Una de mis hijas habla por teléfono con un amigo mientras juega con él a través de la gloriosa internet. Cada uno en su computador, separados por doscientos kilómetros de distancia. A su edad, yo estaba en algo similar, salvo que si levantabas el teléfono se te desconectaba el módem y el teléfono quedaba exclamando en tecnomarciano.
También tuve amigos de internet, con los cuales recuerdo haber compartido grandes momentos.

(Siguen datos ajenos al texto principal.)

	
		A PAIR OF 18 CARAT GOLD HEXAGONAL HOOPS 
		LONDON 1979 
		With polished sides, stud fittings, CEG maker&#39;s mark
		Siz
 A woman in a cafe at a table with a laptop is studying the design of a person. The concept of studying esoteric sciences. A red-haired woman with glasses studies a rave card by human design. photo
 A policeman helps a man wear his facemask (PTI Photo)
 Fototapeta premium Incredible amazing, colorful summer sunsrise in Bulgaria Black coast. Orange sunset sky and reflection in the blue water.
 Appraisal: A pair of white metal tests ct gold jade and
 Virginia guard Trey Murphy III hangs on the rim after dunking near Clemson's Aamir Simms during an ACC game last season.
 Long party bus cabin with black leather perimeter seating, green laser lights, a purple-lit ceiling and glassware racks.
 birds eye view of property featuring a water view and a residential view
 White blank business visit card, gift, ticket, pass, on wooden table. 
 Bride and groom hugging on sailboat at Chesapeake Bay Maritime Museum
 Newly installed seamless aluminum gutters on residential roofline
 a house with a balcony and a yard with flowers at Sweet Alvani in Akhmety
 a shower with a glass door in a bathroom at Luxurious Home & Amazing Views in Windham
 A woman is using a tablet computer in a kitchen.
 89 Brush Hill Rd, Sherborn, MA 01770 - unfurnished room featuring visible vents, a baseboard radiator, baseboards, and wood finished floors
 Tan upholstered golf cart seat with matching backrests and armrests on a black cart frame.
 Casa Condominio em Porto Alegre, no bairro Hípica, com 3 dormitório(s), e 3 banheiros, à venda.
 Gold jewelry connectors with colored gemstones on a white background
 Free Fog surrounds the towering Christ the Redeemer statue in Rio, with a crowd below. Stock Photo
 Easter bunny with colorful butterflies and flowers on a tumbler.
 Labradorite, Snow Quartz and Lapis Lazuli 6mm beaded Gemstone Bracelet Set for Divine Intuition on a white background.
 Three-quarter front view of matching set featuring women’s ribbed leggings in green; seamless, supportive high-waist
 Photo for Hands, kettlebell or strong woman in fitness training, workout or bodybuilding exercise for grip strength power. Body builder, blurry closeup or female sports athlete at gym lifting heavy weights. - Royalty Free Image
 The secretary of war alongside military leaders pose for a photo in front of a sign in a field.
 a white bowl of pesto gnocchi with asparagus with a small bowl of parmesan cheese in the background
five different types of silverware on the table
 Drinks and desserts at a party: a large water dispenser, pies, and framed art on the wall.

De mi infancia, tristemente, no conservo ninguno… cosas de la adultez, asumo.
Igual que cuando era (más) chico y jugaba con autitos con los cabros del barrio, o como más de un conocido mío se junta a jugar a la pelota con sus amigos; los ñoños, en general, también disfrutamos de compartir nuestros pasatiempos. Y la adultez (y, obviamente, la remuneración), nos ha permitido “profesionalizar” nuestros juegos y la forma en la que jugamos.
Porque es mucho más fácil soñar con una consola de última generación teniendo pega y sueldo, que siendo un mocoso de doce ¿No? Yo pienso que siendo niño (por ahí por los ‘90, cof cof), la sola idea de jugar mi juego favorito en lo que podríamos considerar como una “tele grande” me volaba los sesos. Afortunadamente, la tecnología actual lo ha vuelto infinitamente menos privativo.
Ya de adulto, junto a unos amigos, nos dimos el gusto de jugar en algo más aparatoso que una tele grande. Se nos ocurrió proyectar en el edificio vecino… pero esa es otra historia.